Need a quick answer? Put your numbers into our SEO ROI calculator below to determine your ROI, or continue reading to better understand how to find those numbers!
Many people who buy SEO services measure the success of SEO by how well they’re doing with specific keywords, the cost of their content output, or their own perceived ROI of their link building efforts.
While these are important factors to track, they don’t exactly measure how your investment is returning more money for your business. They only measure the cost of a specific deliverable that’s part of a larger SEO strategy.
Placing specific KPI restrictions on your SEO can seriously hurt your ability to increase traffic and sales to your site.
For example, if we look at the rankings of a single keyword as a measure of success, what’s really happening is that we’re investing all of your money in one opportunity that your competitors are likely also chasing.
If they outspend or outwork us, they win. And there’s not a lot we can do about that since we don’t know what they’re doing—outside of what we can see on their site and link profile.
If we measure ROI on content via cost-per-word and post-per-week metrics, we’re stopping our team from executing proper keyword research and building content that’s designed to rank.
Ultimately, content is much more about engaging copy and fulfilling searcher intent than it is about fitting in some keywords and hitting a word count goal.
If we measure ROI from the cost per link of our link building efforts, we’re limiting the targets that our link building team is enabled to chase (i.e., “I want links for $500 each” tells our team, “don’t chase that Forbes link that you can totally get if you spend 10 hours on it.”)
Not only that, but since we can’t know for sure how Google uses backlinks in their algorithm, we don’t really know how to place a value on a backlink.
If we can’t put a value on a backlink, how can we put a price on one?

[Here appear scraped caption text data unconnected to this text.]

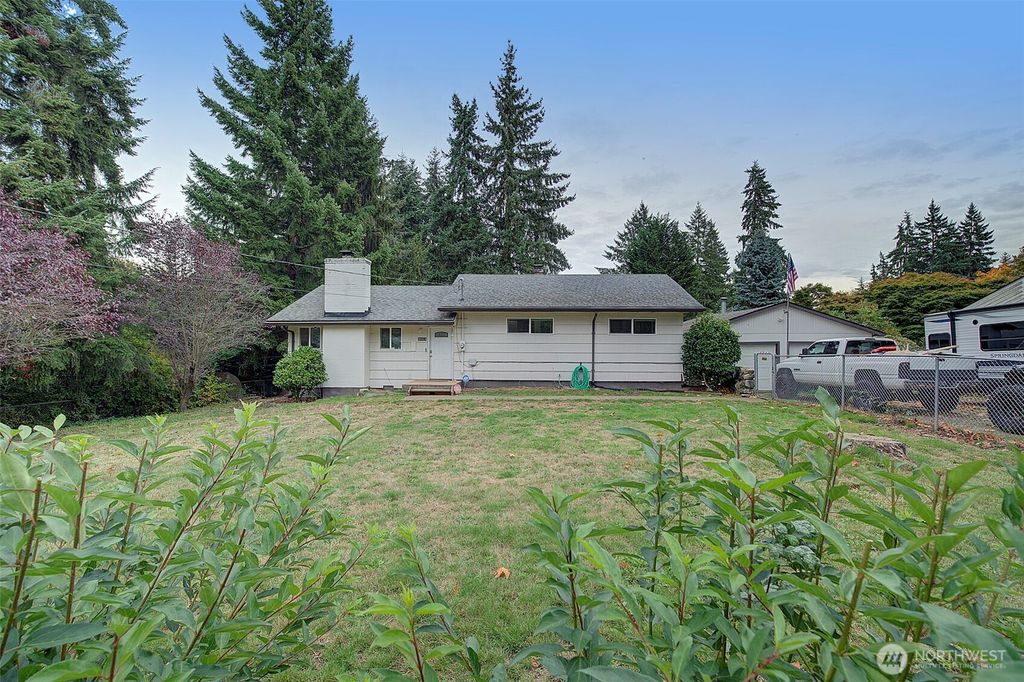 Photo of 35814 11th Avenue SW, Federal Way, WA 98023 (MLS # 2448335)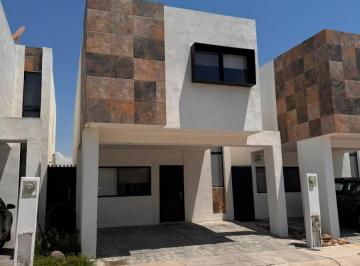 Casa en condominio · 3 Recámaras · 2 Estacionamientos · Casa en Renta en Jardines de Alejandria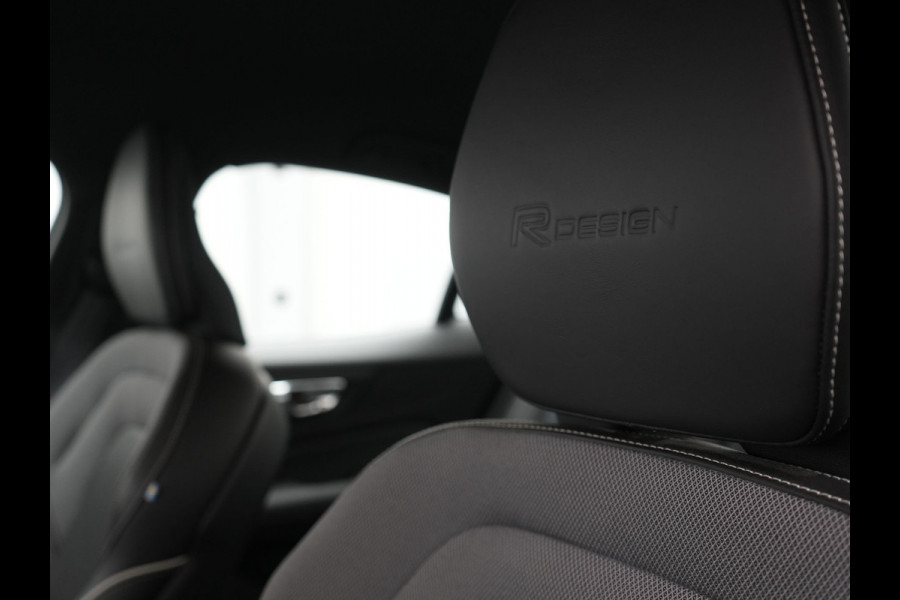 Volvo S60 T4 R-Design 191pk | Lederen Sportstoelen Memory | Camera | 19"L.M. | Apple Carplay | Virtual Cockpit | Navigatie | DAB | Cruise Control |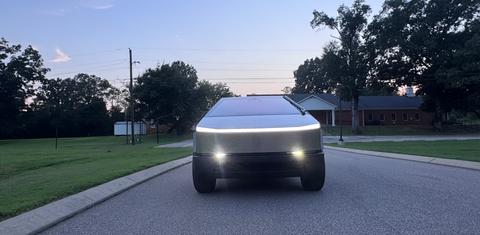Tesla Cybertruck 2026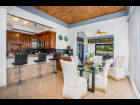 CASA MAC 7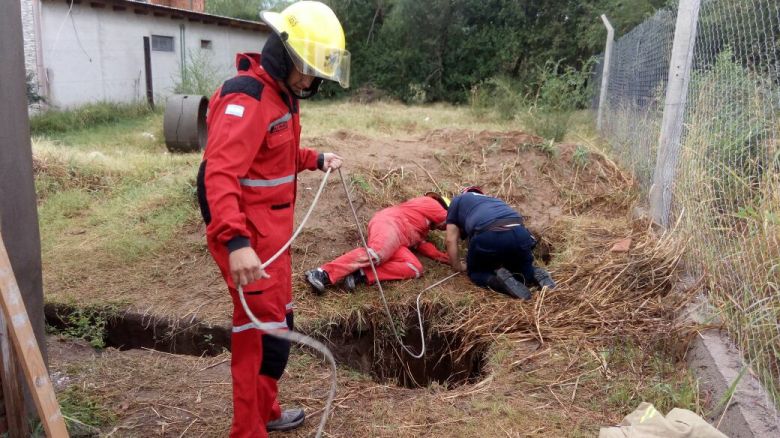 Bomberos de Las Higueras rescataron a un hombre de un pozo de nueve metros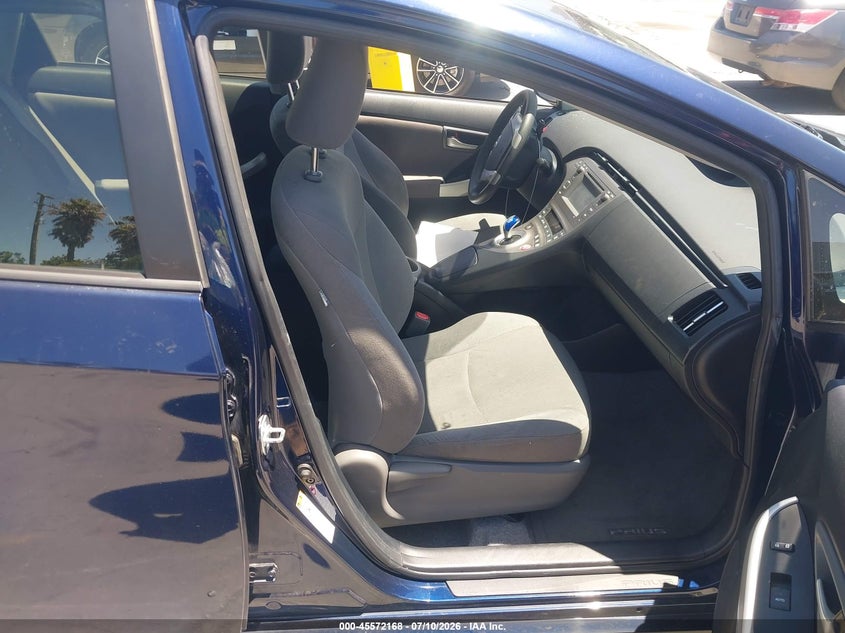 2014 Toyota Prius VIN JTDKN3DU2E0363836 IAAI salvage auction — SIDE, Salvage (California), sold $2,150 on 2026-07-16 (photo 5)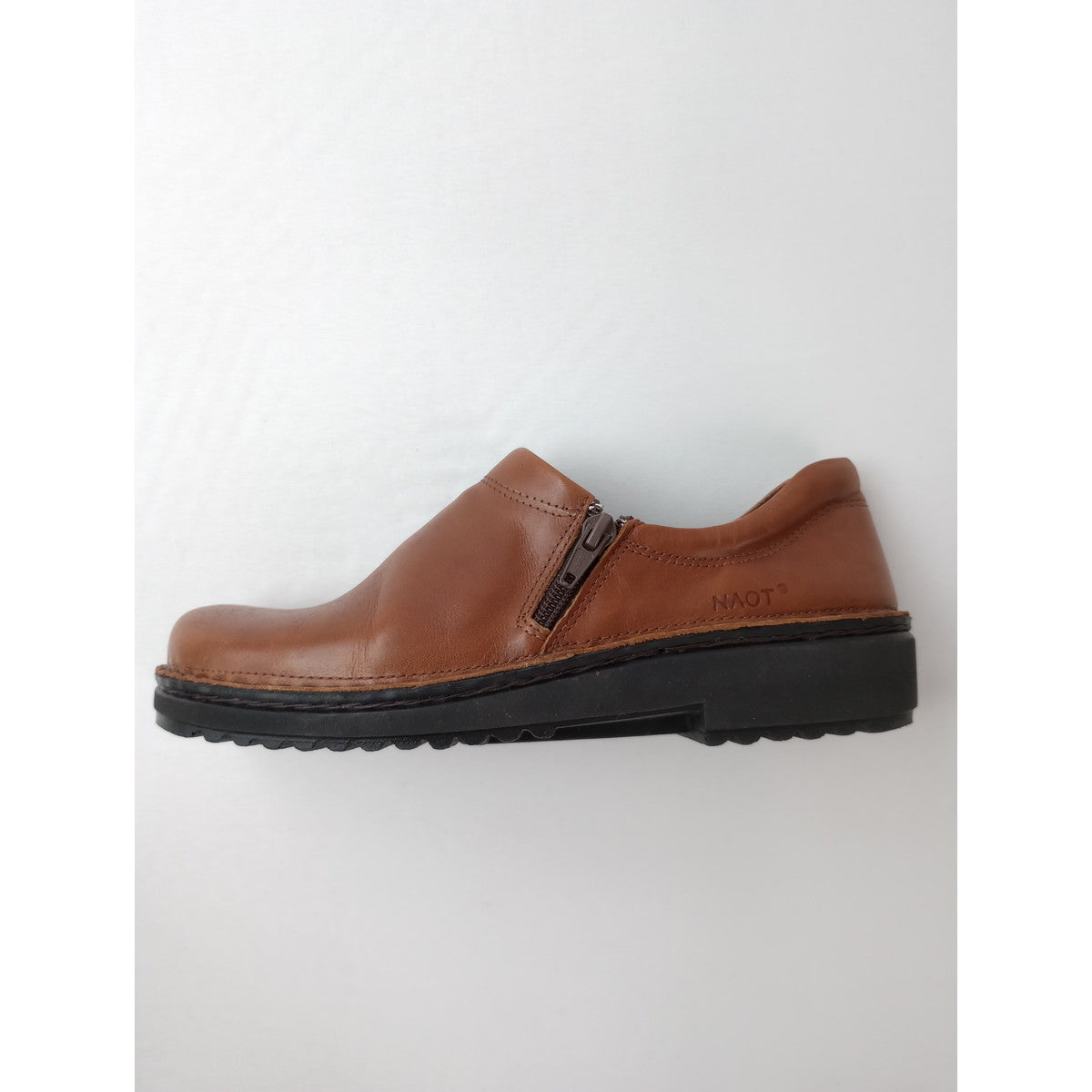NAOT ナオト CLARA / Chestnut レザ－ スリッポン シューズ 靴   ライトブラウン【中古】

So if ROI isn’t measured on link and content cost metrics, how is it measured?
Below are our methods for measuring the ROI of SEO work.
SEO ROI Formula
If you can’t measure ROI from cost metrics, what can you do?
Well, from a high-level, it’s best to look at the ROI of your SEO performance with the following formula:
SEO ROI = ((Gain from Investment – Cost of Investment) / Cost of Investment) * 100
To calculate this, you’ll need to gather the following data for your website:
- The lifetime value of a customer acquired via search
- Your organic traffic to sales conversion rate
- The total amount of traffic gained from SEO over the period you’re measuring (I suggest more than six months)
Let’s use this formula for a sample eCommerce site with the following metrics to determine their ROI on SEO:
- Monthly SEO budget: $4,000
- Conversion rate from SEO traffic: 2%
- Customer Lifetime Value (in this example, cost of a widget): $100
- Their SEO campaign has contributed to 100,000 additional visitors (a pretty realistic amount of growth for this budget level) over the last 12 months
So with this data set, we can piece together our formula to calculate their ROI:
- Gain from Investment (100,000 new visitors * 2% conversion rate * $100 CLV) = $200,000.
- Past 12 months SEO spend: $48,000.
So if we look at the ROI for the past 12 months of SEO work, it looks like this:
(($200,000 – $48,000) / $48,000) * 100 = 316%
Keep in mind that you may want to include other things in this number. For example, if you’re leveraging SEO traffic for remarketing, things can get a bit more muddy there.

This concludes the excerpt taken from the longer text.